Ninja Blade tells the story of Ken Ogawa, a ninja that is trying oh-so-hard to be just like Ryu Hayabusa of Ninja Gaiden. He jumps out of helicopters, shuns stealth, and fights all sorts of nasty creatures. A parasitic outbreak has hit Tokyo, turning everyone and everything into destruction happy monsters bent on turning the entire world into a pile of rubble. The only hope, naturally, is Ken.
This tale is told through a series of cutscenes and quick-time-events (sequences where the player is required to push a series of buttons as they flash on the screen to interact with a cutscene) in a fairly traditional anime fashion. With voiceovers that switch between English and Japanese and a fractured storyline, Ninja Blade toes the line between something mainstream America will be familiar with and a story that feels foreign.

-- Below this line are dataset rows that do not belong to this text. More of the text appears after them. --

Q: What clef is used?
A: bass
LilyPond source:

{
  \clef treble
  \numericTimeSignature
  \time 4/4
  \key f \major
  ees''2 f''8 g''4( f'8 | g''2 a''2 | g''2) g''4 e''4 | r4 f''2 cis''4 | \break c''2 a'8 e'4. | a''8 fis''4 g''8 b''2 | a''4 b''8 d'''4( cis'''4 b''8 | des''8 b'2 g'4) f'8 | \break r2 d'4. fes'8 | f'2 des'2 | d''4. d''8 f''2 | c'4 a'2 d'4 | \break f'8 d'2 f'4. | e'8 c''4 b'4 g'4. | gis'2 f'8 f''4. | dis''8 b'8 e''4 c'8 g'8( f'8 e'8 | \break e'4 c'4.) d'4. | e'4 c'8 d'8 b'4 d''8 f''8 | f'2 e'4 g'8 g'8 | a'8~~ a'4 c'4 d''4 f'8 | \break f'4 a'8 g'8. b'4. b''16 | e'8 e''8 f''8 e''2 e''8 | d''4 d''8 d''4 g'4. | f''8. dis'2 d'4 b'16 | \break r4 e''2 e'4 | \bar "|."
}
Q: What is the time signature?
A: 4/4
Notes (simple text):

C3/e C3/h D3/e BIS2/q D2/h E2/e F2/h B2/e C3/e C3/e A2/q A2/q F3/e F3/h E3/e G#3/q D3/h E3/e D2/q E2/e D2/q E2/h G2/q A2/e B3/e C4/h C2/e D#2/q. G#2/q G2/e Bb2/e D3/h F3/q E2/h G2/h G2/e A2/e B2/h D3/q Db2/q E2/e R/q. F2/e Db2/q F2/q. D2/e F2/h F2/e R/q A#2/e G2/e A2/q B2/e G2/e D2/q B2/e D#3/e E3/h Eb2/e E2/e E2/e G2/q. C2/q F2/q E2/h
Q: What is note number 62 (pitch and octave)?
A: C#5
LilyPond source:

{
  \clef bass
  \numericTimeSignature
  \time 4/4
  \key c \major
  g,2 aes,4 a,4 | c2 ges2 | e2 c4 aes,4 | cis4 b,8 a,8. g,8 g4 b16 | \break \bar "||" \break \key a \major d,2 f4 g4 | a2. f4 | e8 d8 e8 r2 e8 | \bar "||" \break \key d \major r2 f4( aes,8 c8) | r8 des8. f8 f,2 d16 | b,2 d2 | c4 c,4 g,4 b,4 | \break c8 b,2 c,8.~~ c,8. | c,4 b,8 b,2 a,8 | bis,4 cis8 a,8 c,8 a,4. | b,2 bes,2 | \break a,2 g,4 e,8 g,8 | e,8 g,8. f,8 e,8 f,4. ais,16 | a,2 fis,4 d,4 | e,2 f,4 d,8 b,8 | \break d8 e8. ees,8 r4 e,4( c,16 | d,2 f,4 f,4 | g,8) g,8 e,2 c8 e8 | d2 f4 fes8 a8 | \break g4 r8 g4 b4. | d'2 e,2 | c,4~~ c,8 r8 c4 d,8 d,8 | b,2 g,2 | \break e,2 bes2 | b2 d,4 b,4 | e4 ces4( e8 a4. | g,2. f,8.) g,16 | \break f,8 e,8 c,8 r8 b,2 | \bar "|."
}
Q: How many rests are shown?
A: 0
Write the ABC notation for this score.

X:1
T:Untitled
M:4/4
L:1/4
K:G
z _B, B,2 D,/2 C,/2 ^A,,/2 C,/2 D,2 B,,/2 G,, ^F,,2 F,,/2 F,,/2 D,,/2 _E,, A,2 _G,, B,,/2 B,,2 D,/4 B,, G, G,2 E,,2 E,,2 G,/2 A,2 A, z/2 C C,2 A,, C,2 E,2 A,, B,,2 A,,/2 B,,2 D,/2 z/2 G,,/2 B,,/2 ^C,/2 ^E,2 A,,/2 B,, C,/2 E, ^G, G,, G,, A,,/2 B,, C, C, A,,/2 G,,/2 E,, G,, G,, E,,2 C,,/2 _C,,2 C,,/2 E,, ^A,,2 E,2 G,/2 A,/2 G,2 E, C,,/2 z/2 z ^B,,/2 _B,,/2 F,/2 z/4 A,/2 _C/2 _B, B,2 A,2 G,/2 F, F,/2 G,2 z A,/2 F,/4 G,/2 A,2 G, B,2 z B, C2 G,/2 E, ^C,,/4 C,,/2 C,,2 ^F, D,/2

If you're going to play Ninja Blade, it's for the totally ridiculous and over-the-top action that closes out each level. Ken Ogawa doesn't just kill these parasitic monsters of the night. He ends them with the kind of style great B-movies are made of. What's the best way to kill a giant spider? With a wrecking ball, of course. Cars and rubble flying through the air aren't just debris. They're platforms to run atop and jump off. These are all played out through quick-time-events to keep the player engaged, not that you really need any encouragement. These kill moves had the entire IGN editorial office cheering at their sheer lunacy.